Wer hat's getan TrV 142,AV 84A |
誰がしたのか |
Es steht mein Lied in Nacht und Frost, die alles Leben töten, und harrt vergebens, ob der Ost nicht wieder mag erröten. So steht es nun ein ganzes Jahr in dieser Nacht,der kalten, und dennoch grünt's noch immerdar, wer hat es wohl erhalten ? Du nicht,du nicht,von aller Welt bewundert und beneidet. Der hat's getan,der auf dem Feld die Lilien kleidet. |
ぼくの歌は夜と霧の中にある すべてのものを死なせ それでもむなしく待っているのだ 再び東の空が赤らんではくれないかと そんな風にこの歌は一年中そこにいる この夜の、冷気の中 そしてそれでもなお緑は永遠なのだ 一体誰がそれを育てているというのか? お前ではない、お前ではないのだ、この世界の中の皆から 尊敬され、羨まれている方、 その方がそれをしたのだ、その方がこの野で ユリの花を身にまとっている |
もともとはこの曲、「献呈」や「夜」、「万霊節」などと同じ作品10に含まれていたもので、これらと同じギルムの詩集「最後の手紙」の中の詩です。

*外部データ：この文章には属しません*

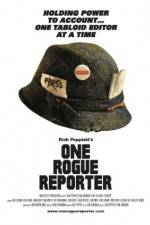 Watch One Rogue Reporter Putlocker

歌曲集を組むときに外されましたが、今でも作品番号なしの単独の歌曲としてしばしば歌われます。作品10では第6曲になる予定だったそうですので、あの鮮烈な「口の堅い者たち」がこれに置き換わったことになります。あの曲ほど研ぎ澄まされてはおりませんが、この曲もかなりの内省的な前半の雰囲気と、後半のロマンティックなメロディが絶妙につなぎ合わされてなかなかに印象的な作品です。とりわけ2連目の「そしてそれでもなお」の部分で美しいメロディで盛り上がるところや、非常に長い後奏の陶酔的なピアノが良いです。